Additionally, a civil center developed around the forts, most probably inhabited by the family of the soldiers. In 308 AD the city hosted the Carnuntum conference, a diplomatic gathering between the main leaders of Diocletian’s tetrarchy. Emperor Valentinian rebuilt the military forts which had been destroyed by the repeated incursions of the Jazigi, a Sarmatian (Iranian) tribal group. After the death of Valentinian in 375 AD at the fort of Brigetio, in modern day Hungary, the forts of Carnuntum went into disrepair. Today’s emblem of the city  is the so called Heidentor, a monumental archway erected next to the fort probably dedicated to the reunion of the tetrarchs under Diocletian or to  Valentinian’s victories against germanic tribes.
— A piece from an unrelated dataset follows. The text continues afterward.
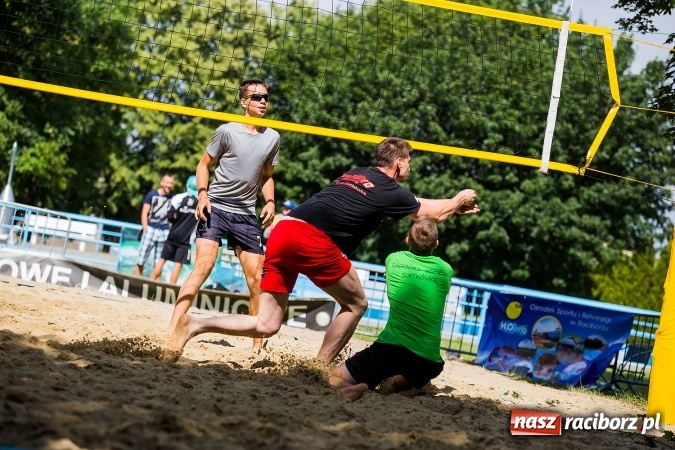 Zdjęcie w galerii na portalu naszraciborz.pl: Mistrzostwa Raciborza w siatkówce plażowej OPEN wiadomości z regionu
Heidentor, monumental archway erected around 300 AD. Petronell-Carnuntum, Lower Austria. 19 January 2017. 

The so called “amber road”, which can still be walked on, ran through the legionary fort in Carnuntum leading to Aquileia, Friuli Venezia Giulia and Rome. Memories of roman times are still strong, as many streets and hotels are named after roman emperors. Carnuntum remains the most ancient roman fort on the Limes Pannonicus, a true stronghold against barbarian hordes.